Los argivos cargaron impetuosamente, rompiendo el
orden en el lado ateniense, y pagaron su precipitación con la derrota y con la
pérdida de trescientos hombres. Los atenienses y sus aliados jonios lo hicieron
mejor, derrotando a los peloponesios y haciendo huir a los persas y a sus
mercenarios, tras lo cual los milesios se refugiaron prudentemente detrás de
las murallas de su ciudad. Una gran victoria fue celebrada, porque los
atenienses dominaban ahora tanto en tierra como en mar. Todo lo que quedaba era
rodear la ciudad con un muro de bloqueo y esperar a que se rindiera, con el
convencimiento de que la caída de Mileto acabaría con las rebeliones.

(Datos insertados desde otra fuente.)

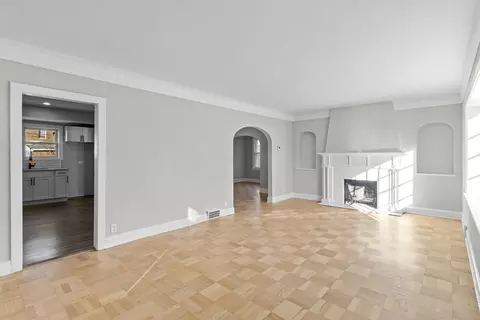 Living - 727 Selborne Rd, Riverside, IL 60546 photo 1 of 3
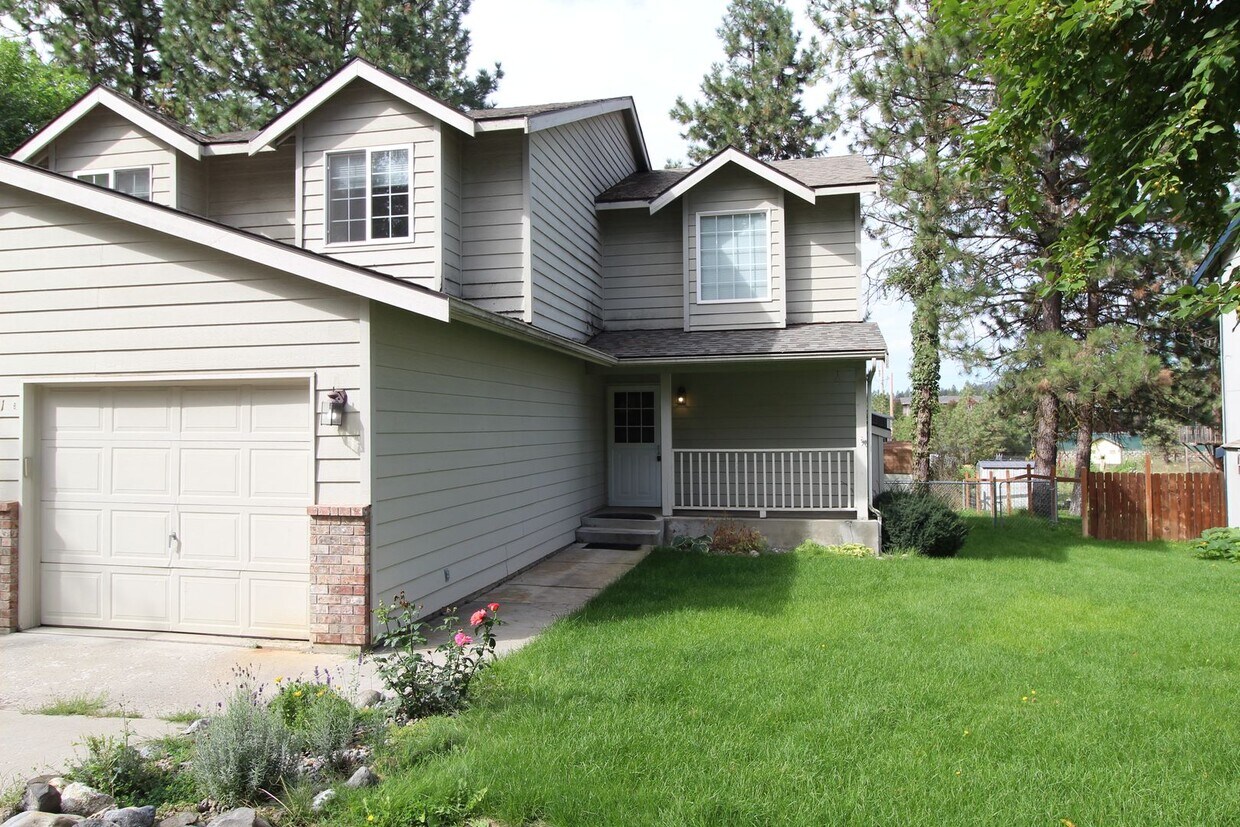 12731 N Dakota St Unit B, Spokane, WA 99218 Room for Rent in Spokane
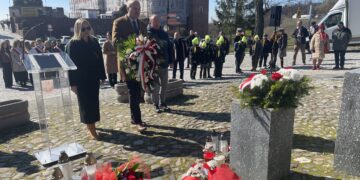 16.03.2025. Sandomierz. Pomnik ofiar wojennych. Uroczystości upamiętniające ofiary terroru niemieckiego z czasu II wojny światowej / Fot. Grażyna Szlęzak - Radio Kielce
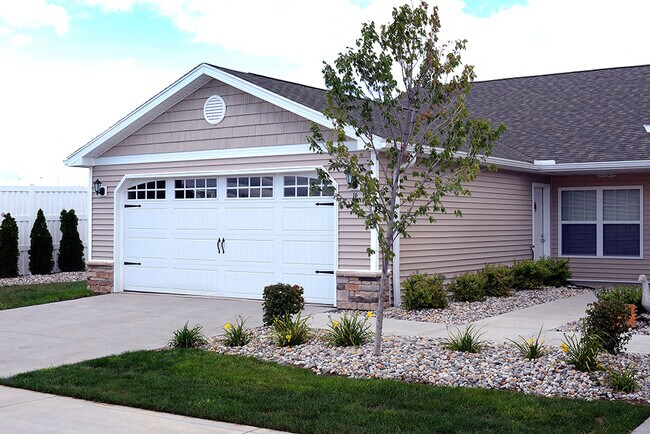 Apartamentos con garajes adjuntos, en un vecindario Real - Redwood Southgate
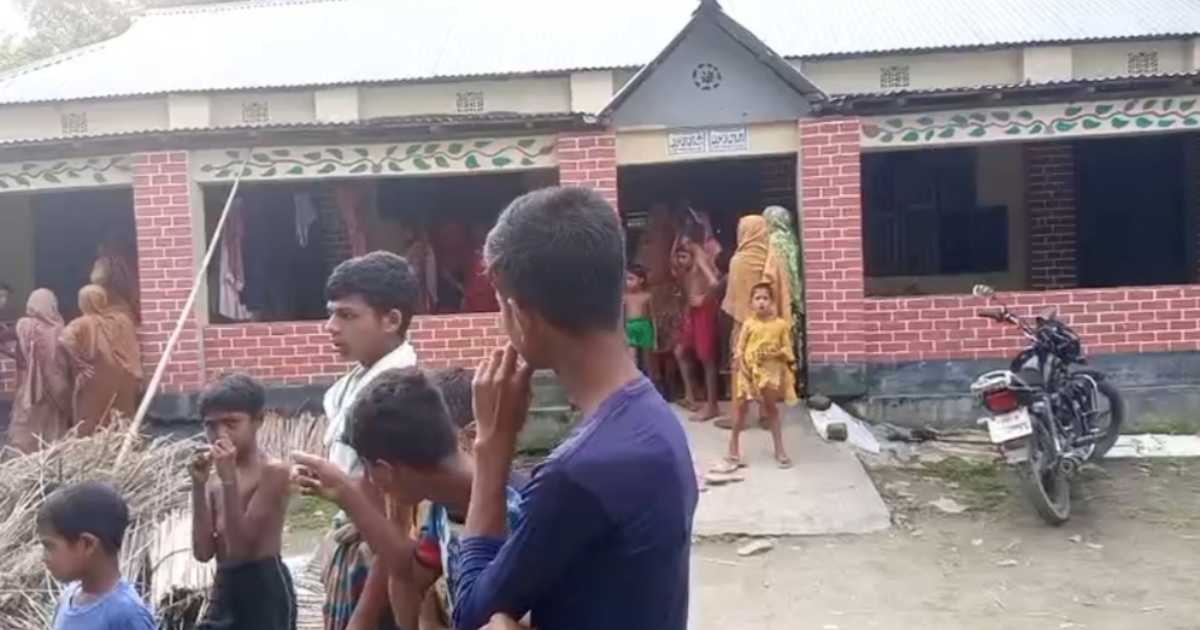 বগুড়ায় বিএনপি নেতার বাড়িতে প্রবাসীর স্ত্রীর বিয়ের দাবিতে অনশন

Sin embargo, el mismo día del triunfo llegaron
noticias de que cincuenta y cinco barcos bajo el mando del espartano Terímenes
estaban de camino a Mileto, entre los cuales se encontraban veintidós
procedentes de Sicilia guiados por Hermócrates, su némesis siracusana [9].

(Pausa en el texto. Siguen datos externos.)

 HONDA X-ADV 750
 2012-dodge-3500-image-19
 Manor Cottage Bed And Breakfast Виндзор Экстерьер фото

Después de que la flota peloponesia llegara al golfo de Yaso y se detuviera en
Tiquiusa, fue el propio Alcibíades el que cabalgó hasta ellos para informarles
acerca de la victoria ateniense en Mileto, diciendo que «si no deseaban perder
su posición en Jonia, y en general su causa, deberían acudir en ayuda de Mileto
tan rápidamente como fuera posible para impedir que la ciudad fuera aislada con
un muro» (VIII, 26, 3).
Aunque los otros generales atenienses querían quedarse
y luchar, Frínico se opuso a ellos, arguyendo que: «Después de los desastres
que habían experimentado, era de difícil justificación que voluntariamente
emprendieran una acción ofensiva, cualquiera que fuese, a menos que fuera
absolutamente necesario; y mucho menos justificado estaría, sin estar obligado
a ello, precipitarse al peligro por su propio elección» (VIII, 27, 3). La
opinión de Frínico prevaleció, y los atenienses navegaron hacia Samos, «sin
completar su victoria» (VIII, 27, 6), liberando Mileto del asedio y del
bloqueo. A consecuencia de esto, los argivos se retiraron airadamente y no
tomaron ya parte en el desarrollo de la guerra.

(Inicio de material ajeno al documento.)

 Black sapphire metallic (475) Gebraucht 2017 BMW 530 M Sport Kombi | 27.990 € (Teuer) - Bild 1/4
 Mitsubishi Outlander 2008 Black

La retirada ateniense tuvo otro costoso resultado, ya
que Tisafernes llegó a Mileto y persuadió a los peloponesios para que atacaran
a Amorges en Yaso. Desconociendo la retirada ateniense, el pueblo de Yaso
supuso que la flota que se aproximaba era ateniense y no se prepararon para la
defensa. Los peloponesios capturaron a Amorges con vida y lo entregaron a
Tisafernes, incorporaron a los mercenarios peloponesios de Amorges a su propio
ejército, y saquearon Yaso; finalmente, vendieron a sus gentes a Tisafernes, al
que también entregaron la ciudad. El resultado fue que los atenienses habían
perdido otro aliado, que los persas se habían liberado de una incómoda situación,
y que espartanos y persas habían cooperado con éxito para alcanzar su primera
victoria conjunta.
Mientras algunos alabaron a Frínico y celebraron su
estrategia —«Más adelante no menos que en la presente ocasión, en este asunto y
también en todos los otros en los que él tomó parte, parece no haber estado
falto de inteligencia» (VIII, 27, 5)—, la mayoría de sus compatriotas
atenienses mantenían una opinión opuesta, y al año siguiente le acusaron
formalmente por la pérdida de Yaso y Amorges. Hay una buena razón para
coincidir con su veredicto. Los estudiosos modernos defienden la decisión de
Frínico sobre la base de que, tras los sucesos de Sicilia, la marina ateniense
no fue por más tiempo lo que una vez había sido y, habiendo perdido su
superioridad táctica, no podía arriesgarse a una batalla naval en situación de
desventaja. Estas valoraciones, sin embargo, no se adecuan a los hechos.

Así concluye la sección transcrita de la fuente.